### WORK INSTRUCTION
Reproduce the complete set of records exactly. No picture is to appear in the copy.

### LISTED ENTRIES
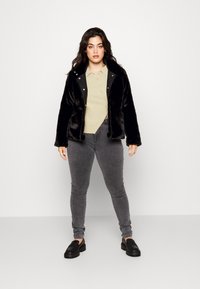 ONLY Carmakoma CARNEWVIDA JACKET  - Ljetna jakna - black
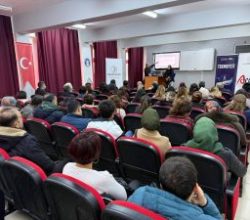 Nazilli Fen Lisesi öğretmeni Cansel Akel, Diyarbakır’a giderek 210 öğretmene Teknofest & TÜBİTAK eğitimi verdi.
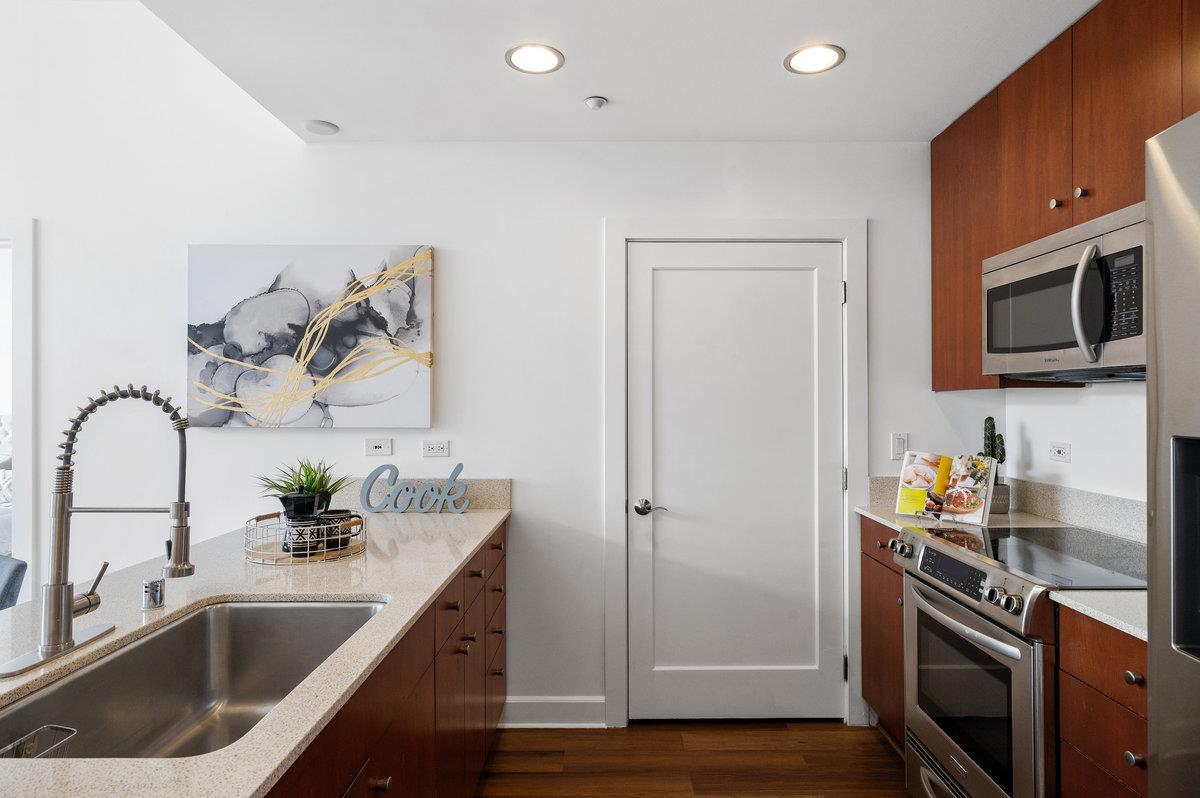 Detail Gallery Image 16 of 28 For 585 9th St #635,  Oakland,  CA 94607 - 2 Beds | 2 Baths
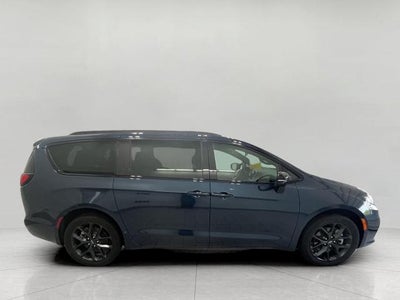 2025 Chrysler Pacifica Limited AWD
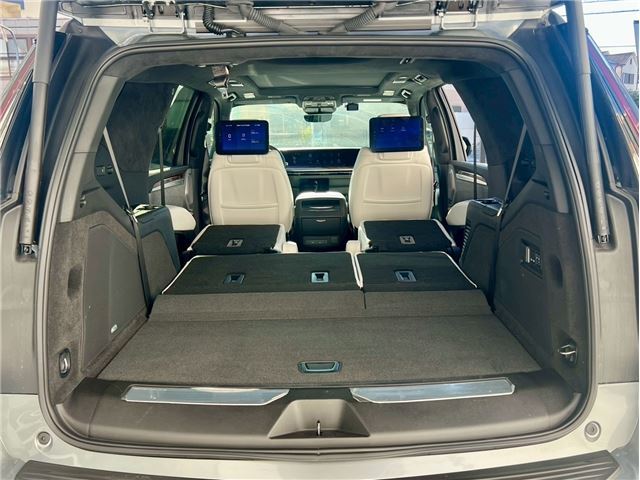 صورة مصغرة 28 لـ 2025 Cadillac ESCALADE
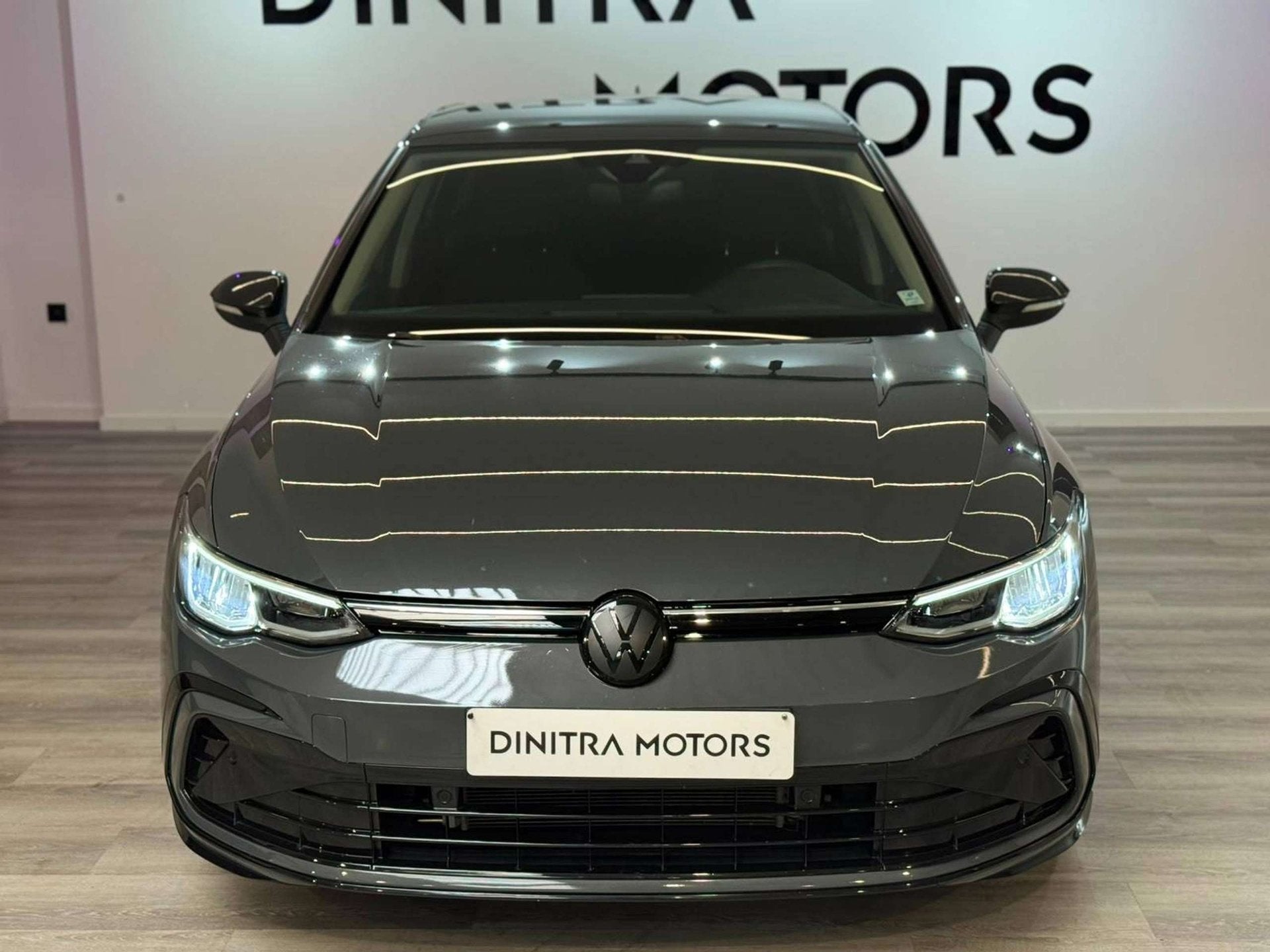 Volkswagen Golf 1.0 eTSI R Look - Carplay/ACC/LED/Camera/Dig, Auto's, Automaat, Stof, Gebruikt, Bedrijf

### TASK RESPONSE
 ONLY Carmakoma CARNEWVIDA JACKET  - Ljetna jakna - black
 Nazilli Fen Lisesi öğretmeni Cansel Akel, Diyarbakır’a giderek 210 öğretmene Teknofest & TÜBİTAK eğitimi verdi.
 Detail Gallery Image 16 of 28 For 585 9th St #635,  Oakland,  CA 94607 - 2 Beds | 2 Baths
 2025 Chrysler Pacifica Limited AWD
 صورة مصغرة 28 لـ 2025 Cadillac ESCALADE
 Volkswagen Golf 1.0 eTSI R Look - Carplay/ACC/LED/Camera/Dig, Auto's, Automaat, Stof, Gebruikt, Bedrijf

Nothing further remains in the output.